But now that I technically no longer live here, the flight that was to carry me to my new home in Europe has been grounded by the worst blizzard in nearly half a century. I am housebound with no phone or internet as all the electricity in the neighborhood seems to be concentrated in the snow lightning outside.
I love you, too, Chicago. But you can't keep me here forever. I promise I'll be back. But definitely, definitely not till summer.
A deafening thunder responds in the distance as gale force winds come shrieking across the plains of suburbia, rattling the entire house like a scene from a bad horror movie and scaring the living bejezus out of me. I swear I can hear these creepy demonic whispers through the walls ...
"You can't leave. We won't let you. You belong here."

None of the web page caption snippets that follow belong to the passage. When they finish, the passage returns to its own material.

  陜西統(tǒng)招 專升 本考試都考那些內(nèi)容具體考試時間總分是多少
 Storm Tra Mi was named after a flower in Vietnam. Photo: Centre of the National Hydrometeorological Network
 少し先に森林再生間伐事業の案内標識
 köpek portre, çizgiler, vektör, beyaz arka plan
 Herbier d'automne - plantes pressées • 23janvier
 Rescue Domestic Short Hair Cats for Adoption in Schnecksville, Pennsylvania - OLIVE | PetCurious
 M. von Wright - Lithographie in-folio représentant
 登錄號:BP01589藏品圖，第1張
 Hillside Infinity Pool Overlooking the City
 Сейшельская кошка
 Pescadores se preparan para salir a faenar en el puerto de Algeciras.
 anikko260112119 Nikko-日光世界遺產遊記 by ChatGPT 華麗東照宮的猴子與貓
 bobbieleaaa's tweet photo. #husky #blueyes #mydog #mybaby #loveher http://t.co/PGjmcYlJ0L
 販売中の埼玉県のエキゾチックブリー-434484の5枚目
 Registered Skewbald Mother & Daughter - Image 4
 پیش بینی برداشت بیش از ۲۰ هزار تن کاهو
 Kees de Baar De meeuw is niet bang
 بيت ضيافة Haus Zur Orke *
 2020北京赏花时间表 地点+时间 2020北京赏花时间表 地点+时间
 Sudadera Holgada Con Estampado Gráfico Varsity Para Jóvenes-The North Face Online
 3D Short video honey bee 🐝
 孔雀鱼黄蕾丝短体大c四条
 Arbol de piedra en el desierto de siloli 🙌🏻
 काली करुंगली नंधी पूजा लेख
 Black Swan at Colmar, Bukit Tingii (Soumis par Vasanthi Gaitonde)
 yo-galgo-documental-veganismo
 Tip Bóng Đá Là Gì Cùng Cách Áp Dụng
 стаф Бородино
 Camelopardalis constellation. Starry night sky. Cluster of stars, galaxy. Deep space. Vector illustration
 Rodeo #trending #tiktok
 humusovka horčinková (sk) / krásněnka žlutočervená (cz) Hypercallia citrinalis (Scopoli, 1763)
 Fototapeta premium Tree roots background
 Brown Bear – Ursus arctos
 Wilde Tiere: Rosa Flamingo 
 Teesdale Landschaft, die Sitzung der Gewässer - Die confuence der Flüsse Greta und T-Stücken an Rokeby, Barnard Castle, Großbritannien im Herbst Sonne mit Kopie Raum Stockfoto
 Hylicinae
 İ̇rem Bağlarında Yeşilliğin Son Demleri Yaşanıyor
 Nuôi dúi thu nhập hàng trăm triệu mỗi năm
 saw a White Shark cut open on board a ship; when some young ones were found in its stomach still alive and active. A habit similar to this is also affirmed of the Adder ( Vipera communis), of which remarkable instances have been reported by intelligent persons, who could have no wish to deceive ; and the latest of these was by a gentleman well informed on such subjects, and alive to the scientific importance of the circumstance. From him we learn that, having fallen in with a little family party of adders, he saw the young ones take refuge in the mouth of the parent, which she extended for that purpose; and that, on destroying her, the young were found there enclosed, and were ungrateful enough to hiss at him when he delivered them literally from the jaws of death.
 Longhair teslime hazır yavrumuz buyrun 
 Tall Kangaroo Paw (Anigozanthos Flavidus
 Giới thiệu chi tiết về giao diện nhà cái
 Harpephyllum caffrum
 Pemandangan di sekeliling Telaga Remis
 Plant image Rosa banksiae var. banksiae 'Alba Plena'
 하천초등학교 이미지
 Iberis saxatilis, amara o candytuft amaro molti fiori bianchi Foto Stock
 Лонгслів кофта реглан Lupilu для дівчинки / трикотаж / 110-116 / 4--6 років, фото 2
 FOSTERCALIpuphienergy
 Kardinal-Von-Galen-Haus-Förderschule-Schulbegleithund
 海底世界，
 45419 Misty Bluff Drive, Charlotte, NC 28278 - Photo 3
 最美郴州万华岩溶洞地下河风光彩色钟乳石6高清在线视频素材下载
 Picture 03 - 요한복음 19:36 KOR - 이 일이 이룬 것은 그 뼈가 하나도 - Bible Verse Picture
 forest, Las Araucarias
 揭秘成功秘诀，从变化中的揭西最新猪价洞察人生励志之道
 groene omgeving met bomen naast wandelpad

As an eerie chill creeps up my spine, it dawns on me that this storm is the physical manifestation of everything I have been feeling - or should I say, trying not to feel - in these last weeks while I have been packing up to leave. A cold, dark, black hole of separation and loss looming in the distance, as if waiting - indeed demanding - to be recognized and duly respected.
I've moved many times, but this time it's for good. In all the excitement over my new life, I have not really had the time to mourn my old one. A rich, gratifying life full of incredible people and priceless memories. Of course I expected to miss certain people, places and things, but it never occurred to me that it would be this difficult to leave.
Alas, my mother-in-law is far more intuitive than I. She knew it immediately after being here for the wedding and meeting my family and friends. I have something very special here. Something that will not, cannot be replicated anywhere else in the world.
I am thrilled about my life in Europe, my amazing husband, my wonderful new friends, and all of the grand adventures that lie ahead for us all. But as I bid my family, my friends, and my fair city adieu, I will leave behind a part of my heart.
Buried here, under a beautiful pile of snow.